Hace siete años, en la terraza de una cafetería de la Ciudad de México, le pregunté a Alma Guillermoprieto de dónde provenía su estilo literario, dueño de una musculatura verbal y movimientos cadenciosos, que atrapa a los lectores y hace que miles de aprendices intentemos descifrar. La ex bailarina le dio un sorbo a un capuchino descafeinado, se encogió de hombros y, con media sonrisa y algo de timidez, soltó:
—De mi mamá.
Su madre fue una asidua colaboradora de la revista femenina Kena, que lo mismo escribía sobre las mujeres albañiles, el menú que comen los maridos cuando están en una cantina, la decoración de un apartamento, el ligamento de las trompas de Falopio o la proliferación de gadgets. “Tardé muchos años en reconocerlo, pero es así”, continuó aquel día soleado. “Era muy chistosa, muy ocurrente… El registro trágico no lo manejaba. Tenía mucha fluidez. Escribió en Kena hasta que se murió, a principios de los ochenta. Yo creo que, inconscientemente, tengo mucho de ella en mi escritura. Y mucho del New Yorker, también gracias a mi mamá. Porque uno de nuestros grandes placeres era la suscripción a The New Yorker. Cuando llegaba, nos sentábamos juntas a ver las caricaturas y a leer la entrada de la revista. Pero en ese momento yo no pensaba en ser escritora. Para mí la danza era lo único que importaba. Realmente jamás me pasó por la cabeza ser periodista o escritora. Sin embargo, yo creo que esas lecturas que me daban tanto placer se me quedaron grabadas.”

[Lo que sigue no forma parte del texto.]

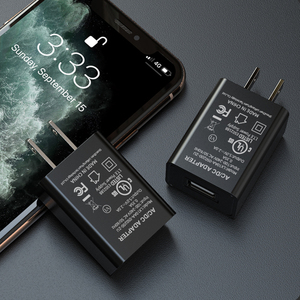 5.2v 2.1a 电源适配器 5v2a 5v 2a 10w 适用于 UL CUL USB 壁式充电器 OTP AC DC 电源适配器 美式插头 适用于相机 LED - Product Image 4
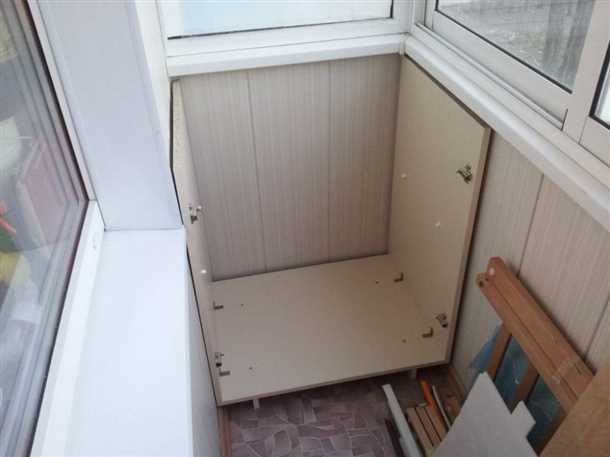 Сборка и монтаж шкафа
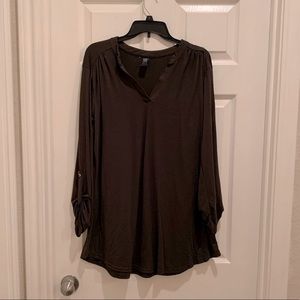 Lildy Roll up Sleeve Tunic
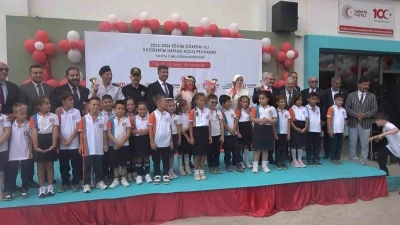 Yalova’da yeni eğitim yılının ilk ders zili törenle çaldı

Pude saborear ese estilo “chistoso y ocurrente” de su madre, Lita Paniagua, en las páginas de Kena cuando, poco después de aquella conversación, me eché un clavado en la hemeroteca. Aunque los temas y personajes de los que ella se ocupaba poco tenían que ver con los de su hija, la forma de mirar y el ritmo de los textos de una y otra coincidían. Por eso ahora pienso que quizá ella disfrutaría como nadie el nuevo libro de Alma. Se llama Los placeres y los días (Almadía) y, a diferencia de los anteriores, en los que relata el difícil día a día de América Latina, en éste abunda la parranda, los personajes y las situaciones pintorescas que han hecho más llevadero el contexto de violencia y corrupción, típico del continente. Se trata, eso sí, de un libro breve. “Porque lo alegre”, explica ella misma, “debe ser siempre ligero y un pesado tomo sería un contrasentido.”

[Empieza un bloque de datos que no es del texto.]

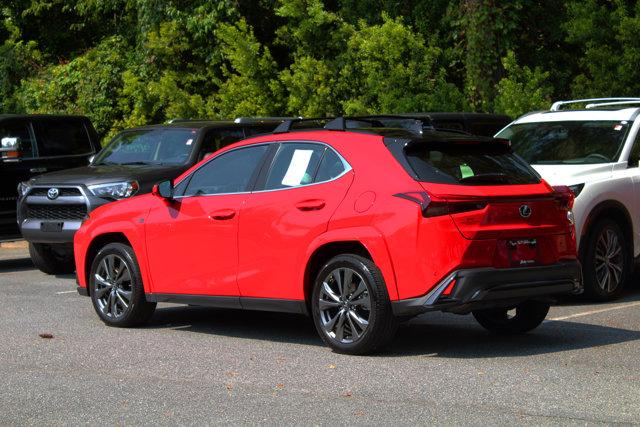 used 2024 Lexus UX 250h car, priced at $35,999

El recorrido narrativo es por la comida, la música, el espectáculo y el baile. Empieza en Bolivia, con las cholitas luchadoras, sigue en el exilio cubano de Celia Cruz, luego en Argentina a ritmo de tango, pasa por la Cuba del Buena Vista Social Club y acaba, cómo no, en los placeres gastronómicos de México, de la mano de una de sus principales investigadoras y divulgadoras, Diana Kennedy. Son crónicas y perfiles de “largo aliento” sobre “los placeres viejos.”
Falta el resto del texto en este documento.